When you’re watching TV, the images are 2-D—height and width.  Always.  It may look like someone is walking away from you (getting smaller on the screen) or walking behind something (disappearing), but it’s all an optical illusion.  TV and film images are 2-D.

But ignoring that, the Chuck promo is still wrong, because when they’re flat, they’re ostensibly two-dimensional (height and width), NOT one-dimensional.  In actuality, they’re still being presented as three-dimensional, because when they turn to the side, you can still see them.  If they were truly two-dimensional, they’d have no depth, and disappear from the side—but I digress.

When people say 3-D, typically they’re thinking of “stuff protruding out at you.”  Horror movies tried to capitalize on this, naturally, with a modicum of success depending on how high your cheese-squelch is set.

(By the way, the Chuck show that was 3-D was not protrusion, it was layering—the illusion of depth within the TV—so you had what looked like people standing in front of things.  Neat, but gimmicky.  I did read that the ratings were up, so maybe it worked.)

Now here’s where I get nitpicky.  What we call 3-D entertainment, and really any kind of entertainment that is “3-D” (and I’m including things like stage theatre here) is not actually done in three dimensions!

It’s four dimensions!  Time is a dimension!  Height, width, depth, and length, if you will.

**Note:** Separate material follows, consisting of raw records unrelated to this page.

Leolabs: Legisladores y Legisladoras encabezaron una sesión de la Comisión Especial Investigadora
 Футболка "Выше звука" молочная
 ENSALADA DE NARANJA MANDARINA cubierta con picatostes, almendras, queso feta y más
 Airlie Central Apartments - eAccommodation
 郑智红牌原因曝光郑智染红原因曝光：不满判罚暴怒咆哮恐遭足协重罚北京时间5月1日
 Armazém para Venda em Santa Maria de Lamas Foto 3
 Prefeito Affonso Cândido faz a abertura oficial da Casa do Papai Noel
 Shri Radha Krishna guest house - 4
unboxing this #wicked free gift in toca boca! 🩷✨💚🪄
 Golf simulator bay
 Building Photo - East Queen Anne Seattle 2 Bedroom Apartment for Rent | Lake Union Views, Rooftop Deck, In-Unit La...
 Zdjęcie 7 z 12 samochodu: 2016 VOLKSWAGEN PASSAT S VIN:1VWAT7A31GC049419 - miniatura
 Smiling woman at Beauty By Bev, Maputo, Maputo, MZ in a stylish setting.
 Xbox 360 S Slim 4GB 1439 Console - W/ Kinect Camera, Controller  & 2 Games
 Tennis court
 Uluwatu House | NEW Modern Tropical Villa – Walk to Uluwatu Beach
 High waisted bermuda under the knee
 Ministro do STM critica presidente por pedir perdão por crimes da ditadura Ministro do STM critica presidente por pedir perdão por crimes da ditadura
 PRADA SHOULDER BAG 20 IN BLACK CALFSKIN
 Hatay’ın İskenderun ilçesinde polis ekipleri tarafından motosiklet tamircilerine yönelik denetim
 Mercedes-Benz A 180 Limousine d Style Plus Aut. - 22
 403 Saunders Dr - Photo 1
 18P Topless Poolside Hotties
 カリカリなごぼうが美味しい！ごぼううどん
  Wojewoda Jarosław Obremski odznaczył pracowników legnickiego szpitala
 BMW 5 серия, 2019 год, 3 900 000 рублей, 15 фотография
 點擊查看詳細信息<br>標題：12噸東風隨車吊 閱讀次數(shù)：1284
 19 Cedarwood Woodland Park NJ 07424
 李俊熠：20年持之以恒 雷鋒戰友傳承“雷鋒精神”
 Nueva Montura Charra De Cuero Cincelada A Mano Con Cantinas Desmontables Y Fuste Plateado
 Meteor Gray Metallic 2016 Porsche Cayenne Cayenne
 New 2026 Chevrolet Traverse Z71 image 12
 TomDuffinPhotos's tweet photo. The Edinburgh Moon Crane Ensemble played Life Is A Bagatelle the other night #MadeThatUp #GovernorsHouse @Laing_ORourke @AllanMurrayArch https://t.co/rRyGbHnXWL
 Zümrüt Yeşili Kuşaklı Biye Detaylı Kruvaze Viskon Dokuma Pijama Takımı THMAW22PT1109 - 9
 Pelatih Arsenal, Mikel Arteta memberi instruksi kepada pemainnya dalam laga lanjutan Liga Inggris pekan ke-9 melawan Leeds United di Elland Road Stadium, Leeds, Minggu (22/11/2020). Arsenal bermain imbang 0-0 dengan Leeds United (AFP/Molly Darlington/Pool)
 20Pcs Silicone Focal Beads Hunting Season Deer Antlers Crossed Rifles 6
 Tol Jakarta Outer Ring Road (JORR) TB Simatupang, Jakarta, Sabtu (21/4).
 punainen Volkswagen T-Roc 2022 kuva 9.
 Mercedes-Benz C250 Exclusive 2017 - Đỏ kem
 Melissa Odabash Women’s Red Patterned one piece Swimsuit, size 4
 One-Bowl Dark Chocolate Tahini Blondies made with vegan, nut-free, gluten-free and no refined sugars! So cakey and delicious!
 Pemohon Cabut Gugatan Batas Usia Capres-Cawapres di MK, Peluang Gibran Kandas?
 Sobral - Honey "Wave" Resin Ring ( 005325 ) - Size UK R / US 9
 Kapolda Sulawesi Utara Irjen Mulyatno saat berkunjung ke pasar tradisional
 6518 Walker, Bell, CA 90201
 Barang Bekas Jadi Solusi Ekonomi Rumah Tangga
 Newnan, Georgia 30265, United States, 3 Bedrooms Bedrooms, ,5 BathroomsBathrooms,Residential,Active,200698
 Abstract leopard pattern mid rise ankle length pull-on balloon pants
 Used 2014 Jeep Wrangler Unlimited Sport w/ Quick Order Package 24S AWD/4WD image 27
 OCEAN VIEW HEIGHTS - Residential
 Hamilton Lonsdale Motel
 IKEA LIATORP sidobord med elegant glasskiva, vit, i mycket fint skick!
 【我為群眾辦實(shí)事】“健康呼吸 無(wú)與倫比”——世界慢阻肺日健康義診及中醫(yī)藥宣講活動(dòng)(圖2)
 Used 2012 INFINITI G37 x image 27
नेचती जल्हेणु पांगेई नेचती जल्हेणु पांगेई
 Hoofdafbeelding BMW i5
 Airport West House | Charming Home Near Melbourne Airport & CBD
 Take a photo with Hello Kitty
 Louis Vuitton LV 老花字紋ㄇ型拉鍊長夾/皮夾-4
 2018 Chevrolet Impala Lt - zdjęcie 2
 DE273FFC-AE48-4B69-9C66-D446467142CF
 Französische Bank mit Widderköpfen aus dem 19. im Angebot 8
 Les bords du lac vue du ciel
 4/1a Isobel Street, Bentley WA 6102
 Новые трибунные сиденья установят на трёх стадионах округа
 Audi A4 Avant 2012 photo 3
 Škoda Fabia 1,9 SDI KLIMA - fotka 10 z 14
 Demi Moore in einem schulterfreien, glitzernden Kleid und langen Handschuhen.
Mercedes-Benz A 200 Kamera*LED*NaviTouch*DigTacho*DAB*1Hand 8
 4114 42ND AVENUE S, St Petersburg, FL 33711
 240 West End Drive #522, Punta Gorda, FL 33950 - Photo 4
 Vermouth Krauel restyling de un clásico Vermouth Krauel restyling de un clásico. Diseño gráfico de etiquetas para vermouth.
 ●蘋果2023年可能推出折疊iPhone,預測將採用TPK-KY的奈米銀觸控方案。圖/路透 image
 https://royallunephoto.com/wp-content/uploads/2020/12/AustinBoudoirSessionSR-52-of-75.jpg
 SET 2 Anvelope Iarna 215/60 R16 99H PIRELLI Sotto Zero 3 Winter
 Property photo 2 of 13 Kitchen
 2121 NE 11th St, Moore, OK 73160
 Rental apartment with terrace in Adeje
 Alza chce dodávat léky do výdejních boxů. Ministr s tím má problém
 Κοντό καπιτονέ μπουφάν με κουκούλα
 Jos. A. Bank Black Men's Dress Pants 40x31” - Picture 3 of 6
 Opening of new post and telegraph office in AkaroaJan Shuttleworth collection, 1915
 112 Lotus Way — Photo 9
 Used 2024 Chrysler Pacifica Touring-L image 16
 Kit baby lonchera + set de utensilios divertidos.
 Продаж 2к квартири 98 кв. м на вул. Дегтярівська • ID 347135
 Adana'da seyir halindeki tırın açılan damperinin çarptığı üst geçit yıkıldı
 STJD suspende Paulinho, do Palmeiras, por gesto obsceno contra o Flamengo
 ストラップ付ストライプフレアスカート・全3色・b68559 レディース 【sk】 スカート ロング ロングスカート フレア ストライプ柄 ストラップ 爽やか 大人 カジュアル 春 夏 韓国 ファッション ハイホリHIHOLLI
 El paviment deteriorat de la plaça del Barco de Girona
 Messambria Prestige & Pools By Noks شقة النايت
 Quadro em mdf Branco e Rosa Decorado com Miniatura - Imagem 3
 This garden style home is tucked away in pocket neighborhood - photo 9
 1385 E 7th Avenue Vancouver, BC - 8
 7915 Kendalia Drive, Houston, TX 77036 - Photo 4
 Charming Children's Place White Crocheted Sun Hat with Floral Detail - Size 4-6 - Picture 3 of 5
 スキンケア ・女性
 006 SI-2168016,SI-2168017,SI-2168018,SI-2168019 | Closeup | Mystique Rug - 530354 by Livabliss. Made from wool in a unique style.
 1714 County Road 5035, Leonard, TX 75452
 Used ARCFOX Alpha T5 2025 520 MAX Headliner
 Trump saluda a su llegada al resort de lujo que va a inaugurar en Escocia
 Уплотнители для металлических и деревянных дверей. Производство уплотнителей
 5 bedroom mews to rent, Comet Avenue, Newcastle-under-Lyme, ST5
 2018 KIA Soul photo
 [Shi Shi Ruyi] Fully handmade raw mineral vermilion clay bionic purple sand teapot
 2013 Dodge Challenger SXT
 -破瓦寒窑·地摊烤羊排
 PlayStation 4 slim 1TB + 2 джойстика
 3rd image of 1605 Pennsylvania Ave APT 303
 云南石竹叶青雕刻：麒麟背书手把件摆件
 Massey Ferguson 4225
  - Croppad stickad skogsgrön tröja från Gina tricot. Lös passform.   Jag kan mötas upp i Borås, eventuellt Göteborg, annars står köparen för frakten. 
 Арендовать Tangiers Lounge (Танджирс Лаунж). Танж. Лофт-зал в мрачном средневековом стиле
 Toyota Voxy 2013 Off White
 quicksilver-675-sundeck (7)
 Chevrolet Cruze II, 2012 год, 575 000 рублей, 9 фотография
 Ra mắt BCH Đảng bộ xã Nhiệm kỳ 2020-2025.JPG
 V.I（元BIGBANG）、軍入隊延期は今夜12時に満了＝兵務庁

Is time standing still when you watch it?  Probably not—I guess it could be said that still images are lengthless, but that’s a different argument.

So I maintain that we’re missing a dimension.  What people commonly refer to as 2-D should actually 3-D, and 3-D should actually be 4-D.

Regardless, the promotions people that had a hand in that Chuck spot should have known better—the show’s target audience is nerds (IG-88 anyone?), yours truly included, so they should have thought twice.